- [Your goal]: Using the listing below, count the lines in which "with" appears; give the count alone.

- [Task material]:
..............................

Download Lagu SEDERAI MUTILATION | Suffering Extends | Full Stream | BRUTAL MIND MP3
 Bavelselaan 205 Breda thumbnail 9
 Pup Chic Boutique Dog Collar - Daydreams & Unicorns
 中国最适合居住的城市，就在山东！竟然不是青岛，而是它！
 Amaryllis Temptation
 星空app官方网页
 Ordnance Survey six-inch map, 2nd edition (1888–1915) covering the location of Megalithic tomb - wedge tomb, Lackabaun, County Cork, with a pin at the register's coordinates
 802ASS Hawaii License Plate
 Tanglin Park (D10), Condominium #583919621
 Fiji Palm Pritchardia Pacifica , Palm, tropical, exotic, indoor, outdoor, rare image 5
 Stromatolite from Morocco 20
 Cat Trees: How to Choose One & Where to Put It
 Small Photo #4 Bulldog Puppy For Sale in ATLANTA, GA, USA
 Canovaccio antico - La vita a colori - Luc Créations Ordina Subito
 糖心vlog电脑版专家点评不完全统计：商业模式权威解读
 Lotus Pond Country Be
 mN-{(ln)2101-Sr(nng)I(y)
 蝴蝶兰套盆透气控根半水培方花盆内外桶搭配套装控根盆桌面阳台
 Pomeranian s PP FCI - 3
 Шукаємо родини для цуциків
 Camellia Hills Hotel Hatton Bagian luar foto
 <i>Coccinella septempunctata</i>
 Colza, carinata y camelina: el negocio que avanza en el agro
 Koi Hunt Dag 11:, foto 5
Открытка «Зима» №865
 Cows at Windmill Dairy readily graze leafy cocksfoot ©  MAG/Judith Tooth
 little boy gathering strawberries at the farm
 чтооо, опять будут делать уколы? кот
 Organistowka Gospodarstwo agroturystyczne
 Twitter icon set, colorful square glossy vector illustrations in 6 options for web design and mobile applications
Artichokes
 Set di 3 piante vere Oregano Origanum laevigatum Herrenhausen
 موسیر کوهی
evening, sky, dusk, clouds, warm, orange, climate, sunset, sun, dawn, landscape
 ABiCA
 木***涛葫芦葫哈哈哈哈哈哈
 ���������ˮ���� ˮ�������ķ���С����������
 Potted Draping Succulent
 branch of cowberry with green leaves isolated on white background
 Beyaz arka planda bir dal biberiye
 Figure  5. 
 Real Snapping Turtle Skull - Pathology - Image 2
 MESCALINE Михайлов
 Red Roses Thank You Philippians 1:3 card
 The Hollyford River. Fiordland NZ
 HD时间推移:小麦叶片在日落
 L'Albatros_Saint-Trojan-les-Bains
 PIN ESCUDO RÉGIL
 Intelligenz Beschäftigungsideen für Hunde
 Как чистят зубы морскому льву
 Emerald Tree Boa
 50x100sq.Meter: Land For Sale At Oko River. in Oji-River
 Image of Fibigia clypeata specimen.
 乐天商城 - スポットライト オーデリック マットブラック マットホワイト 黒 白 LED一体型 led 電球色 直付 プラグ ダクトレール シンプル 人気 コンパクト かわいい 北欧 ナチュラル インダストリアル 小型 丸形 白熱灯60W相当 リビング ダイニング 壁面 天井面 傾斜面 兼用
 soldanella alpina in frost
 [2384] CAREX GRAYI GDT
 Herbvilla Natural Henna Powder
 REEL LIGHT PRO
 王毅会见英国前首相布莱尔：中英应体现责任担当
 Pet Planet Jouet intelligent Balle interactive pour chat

..............................

- [Solved problem]: 2